On the other hand, Anna Carpenter of Danvers doesn’t see the worry. She’s already working at CVS and is accustomed to being called in on the days when others are not.
“I actually volunteer to work on holidays,” she said. “We get time and a half.”
Carpenter admits to remembering an era decades ago when seemingly everything was closed on Sundays year-round. She didn’t much like it.
“I think you should be able to buy what you want every day of the week,” she said. “I think it’s archaic to tell people they can’t.”
The blue laws, of course, originated in Colonial times when the Puritan settlers were anxious for citizens to keep holidays holy days.
“It’s a double-edged sword,” Bob Forbes of Ipswich said.
His first reaction was to endorse the notion of eliminating the blue laws. But when reminded that it might mean people have to work on holidays, he pulled back. “I don’t think people should be forced to work on those days.”

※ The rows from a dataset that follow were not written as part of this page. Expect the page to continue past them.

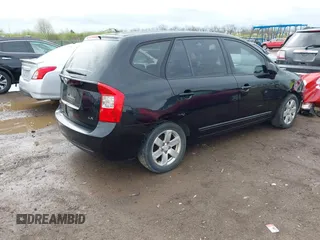 2008 Kia Rondo EX with VIN KNAFG525287175488, listed as a IAAI auction lot 41941146 with 162,000 mi miles. Bid and sale history available at carsss.com. Image 4.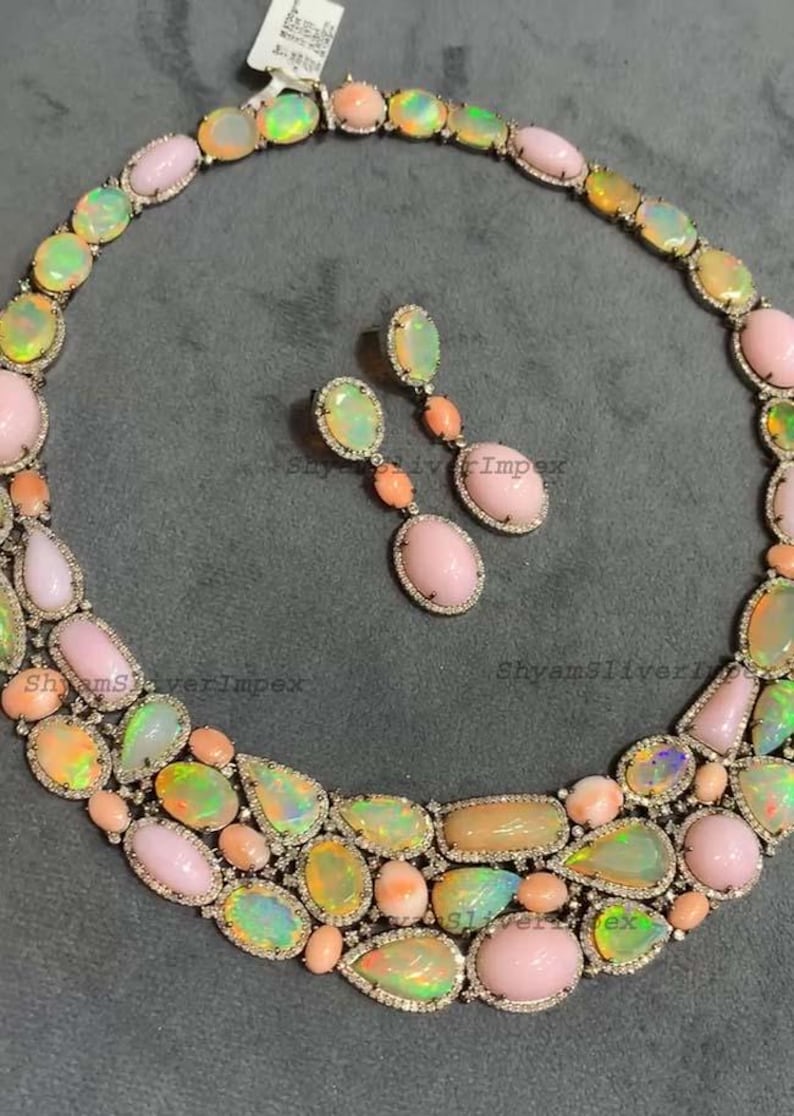 May include: A luxurious necklace and earring set featuring a variety of opal gemstones in shades of pink, green, and peach. The opals are set in a silver metal with a delicate diamond-like border. The earrings dangle with a matching design.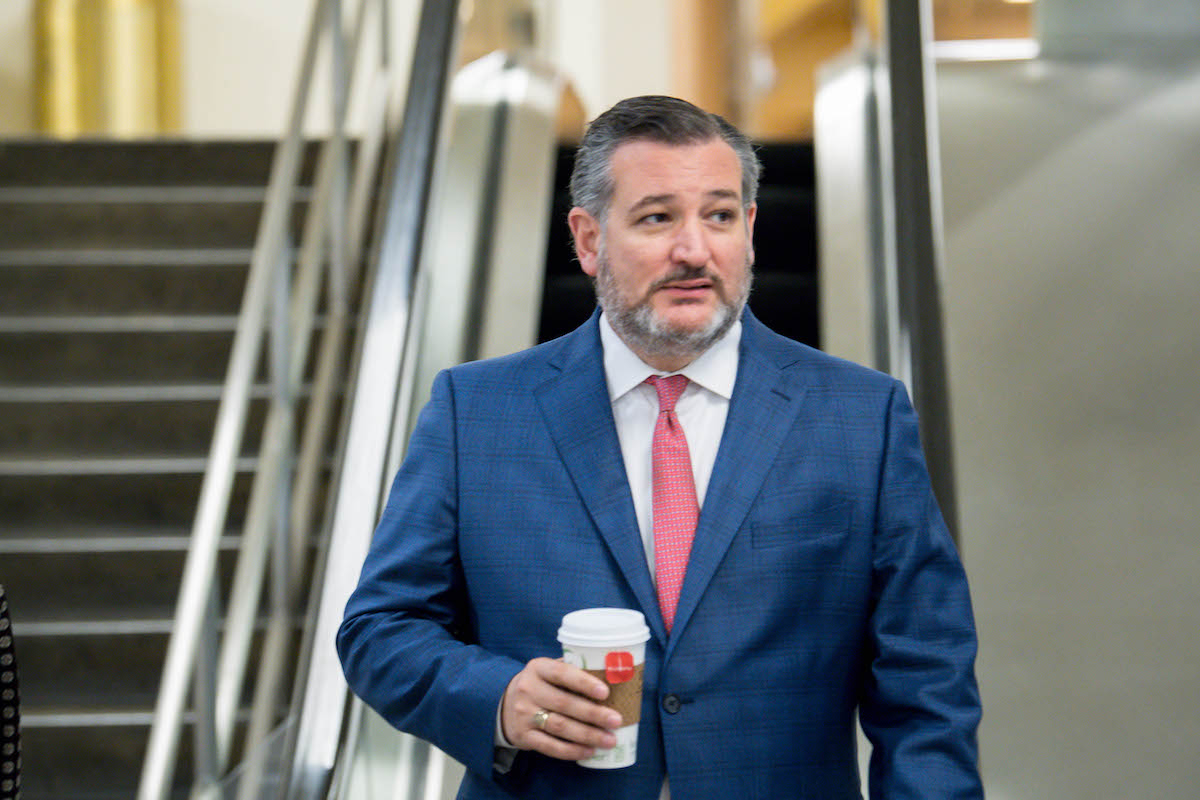 Ted Cruz walks alone through the Capitol holding a cup of coffee.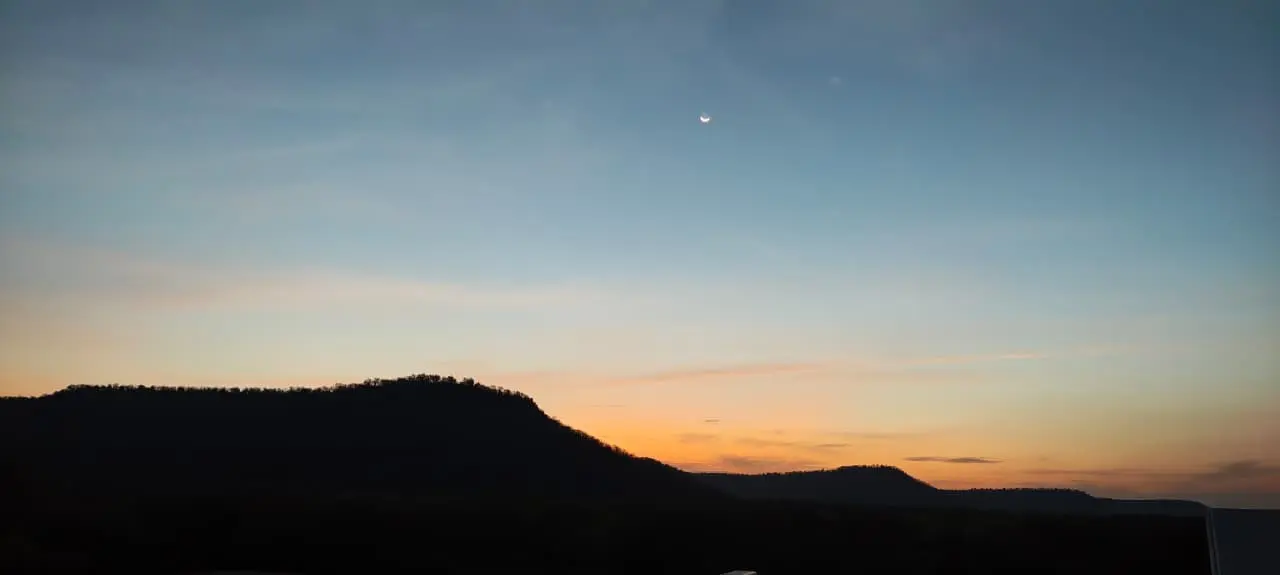 A crescent moon above the forested Shahbad landscape at sunset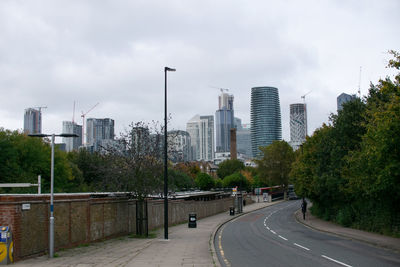 Street amidst buildings against sky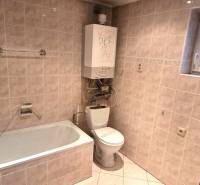 Badezimmer in einem Einfamilienhaus mit Badewanne, Toilette und Wandheizung.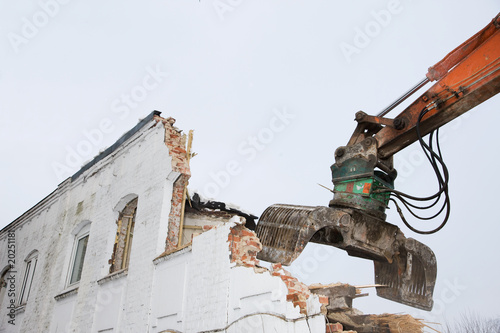 Abriss eines alten Gebäudes durch einen Bagger photo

At the same time, he acknowledged that the law might not be able to protect those who opt out.
“I don’t know how you would do that,” Forbes said, shaking his head.
“It’s up to people if they want to shop on that day,” Melissa McCormack of Danvers said. She concedes that she wouldn’t be happy working on Thanksgiving. Fortunately, it doesn’t come up. “I don’t work in retail.” And she believes that’s an option everyone has, to find work in fields that might leave them free on holidays.
“We have flex time where I work,” she said. “I worked on Veterans Day. But I had Columbus Day off.”
Meanwhile, she pointed out, a lot of jobs have always required holiday scheduling, and she named nurses as an example.